Work required –
From the first line to the last, repeat the data exactly but leave out the pictures.

Given data –
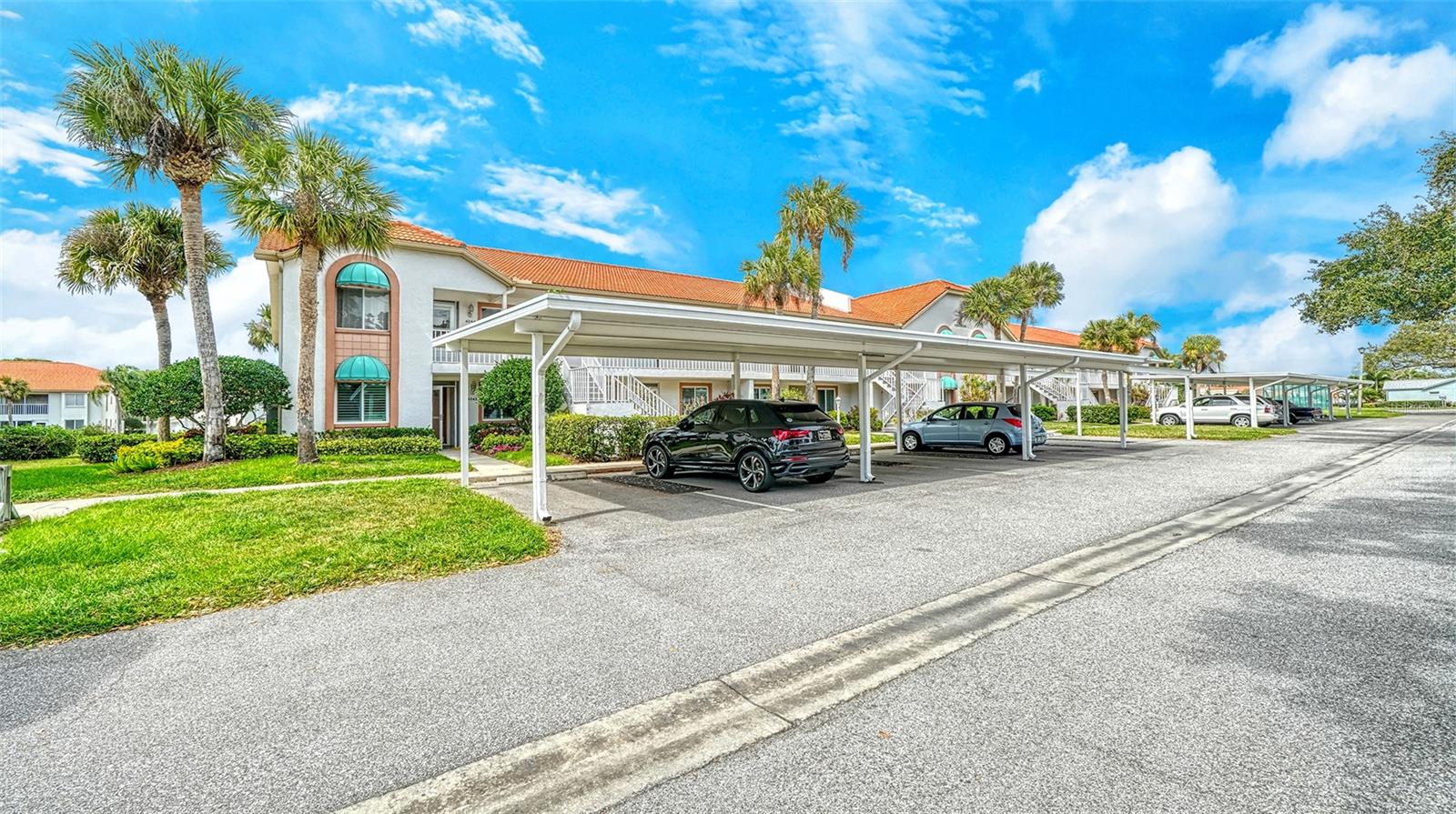 4244 MADEIRA CT #3316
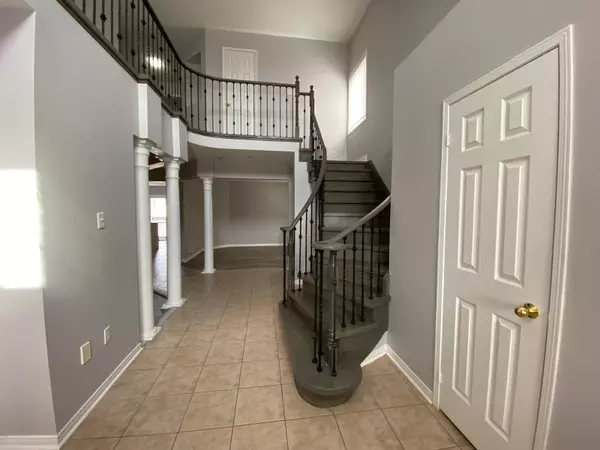 Brampton, ON L7A 3H5,96 LUELLA CRES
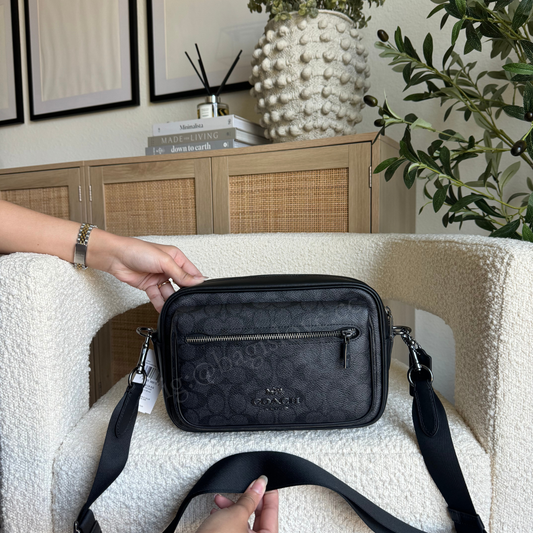 Elias Crossbody In Black Signature Canvas (arrival before 🎄)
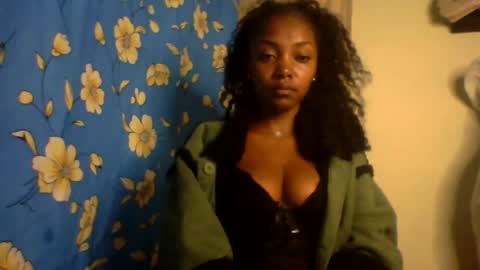 Snapshot of roxilita chatting on July 2026 12:35:02 AM Roxilita online show from July 2026 12:35:02 AM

Finished exercise –
 4244 MADEIRA CT #3316
 Brampton, ON L7A 3H5,96 LUELLA CRES
 Elias Crossbody In Black Signature Canvas (arrival before 🎄)
 Snapshot of roxilita chatting on July 2026 12:35:02 AM Roxilita online show from July 2026 12:35:02 AM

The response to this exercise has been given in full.